# ontluisteren (Zuid-Nederlands)



## keithfre

I've only ever come across 'ontluisteren' in a negative sense and that's the only sense I can find in my dictionaries ('tarnish', 'taint', 'van luister of aanzien beroven').

I'm now trying to translate the sentence 'Met deze studie hebben we gepoogd bij te dragen aan de ontluistering van de leefgroep en beter door te dringen tot de ‘black box’ van het leefgroepwerk.'.

There's no way the authors can be using it in a pejorative sense here, they're in favour of 'de leefgroep'. Could it be they mean 'demystify'?


----------



## HKK

Wow, I have not idea what they're talking about. You are correct, "ontluisteren" only has a negative meaning. You appear to be a victim of one of those people who should be issued a restraining order from keyboards and pens.*



*Disclaimer: just kidding


----------



## AllegroModerato

"Ontsluiting" would seem more appropiate to me.


----------



## nv1962

The way I read it, it's a matter of selective and contrasting accent:


> de ontluistering van de leef*groep* en beter door te dringen tot de ‘black box’ van het leefgroep*werk*


You're right in that "ontluisteren" has a negative connotation, as it's close to "stripping from its veil of magic", or "removing a perception dominated by beauty", or "doing away with a rose-colored view", something along those lines. Which is why I applaud Keithfre's "demystify" as an apt equivalent.

So, looking at the contrasted elements, i.e. the "leefgroep" v the "leefgroepwerk" I believe the intent is to do away with a sense of charm surrounding the "leefgroep" so as to better penetrate (i.e. achieve an improved understanding of) the dynamics and chemistry of the "leefgroepwerk", considered a "black box".

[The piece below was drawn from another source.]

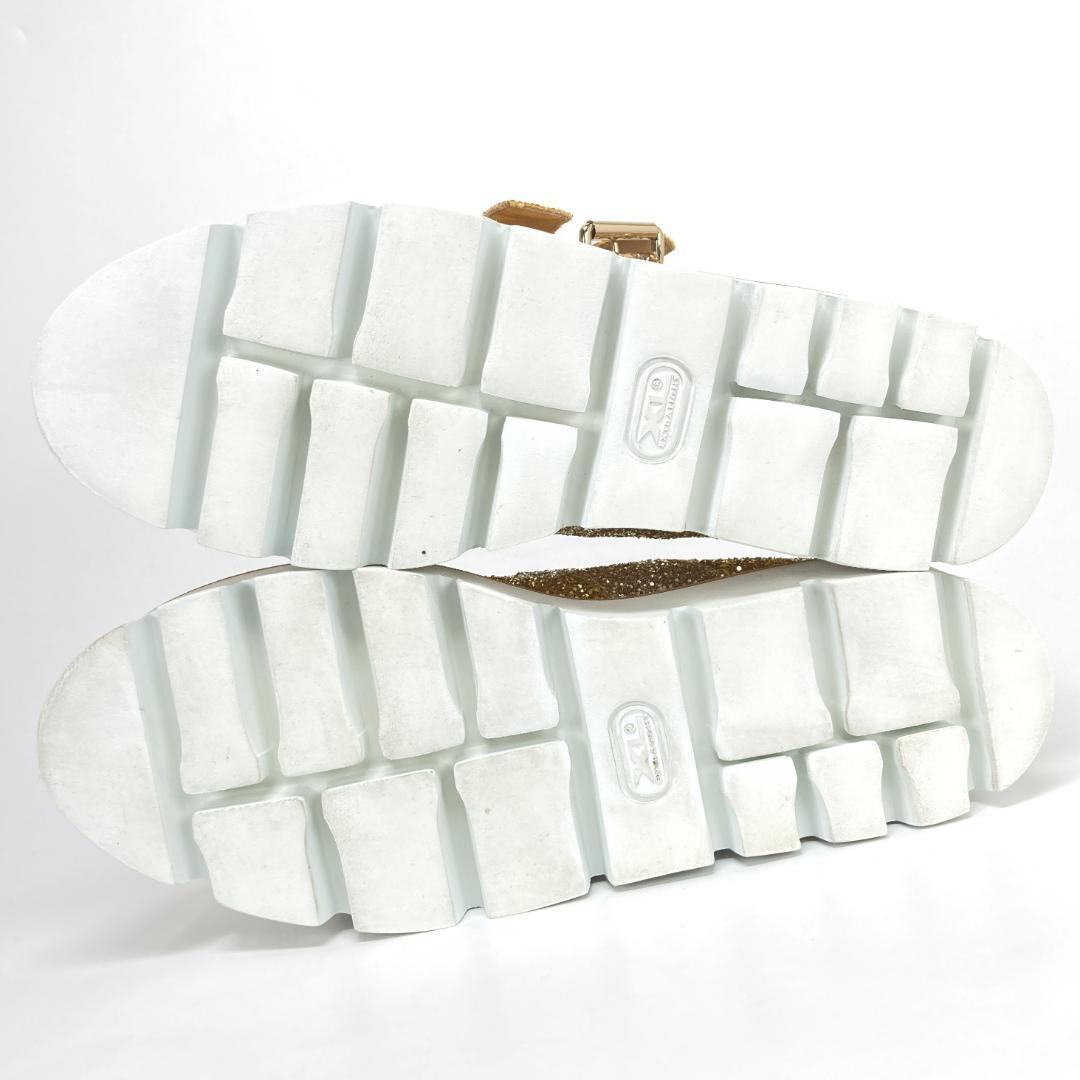 エムエム6メゾンマルジェラ　メリージェーン　厚底グリッターシューズ　ゴールド　金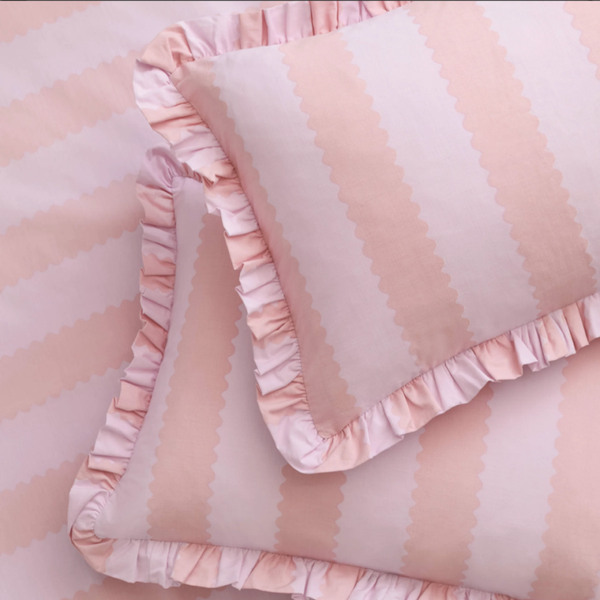 Birdie Stripe Ruffle Pillowcase Pair Pink/Raspberry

Which brings me to this attempted translation of the whole thing:

_Through this research we tried to make a contribution to the demystification of the "leefgroep" and so to better penetrate into the "black box" of the "leefgroepwerk"._

Notes: I deliberately left "leefgroep" and "leefgroepwerk" as-is, because I am unfamiliar with those terms as seemingly intended (unless it's a reiteration of the late 60s / early 70s term _commune_ which is a distinct possibility) and moreover, because I assume that those have been translated elsewhere, previously.


----------



## HKK

I have to say your explanation sounds quite mystical itself. Abiding by Occam's Razor, I believe AllegroModerato is right and it's just a vocabulary mistake.


----------



## keithfre

Thanks for the confirmation. 'Leefgroep' in the context of a children's home is apparently 'family group' in the UK.


----------



## nv1962

Could very well be, HKK. Yet errors in the source text are an aspect a translator also has to deal with.

Thanks for that clarification Keithfre; I suppose the choice is then to either ignore the error, or to translate it. I wouldn't "correct" it in the translation though, except if you can consult with the author(s). It's not our job.


----------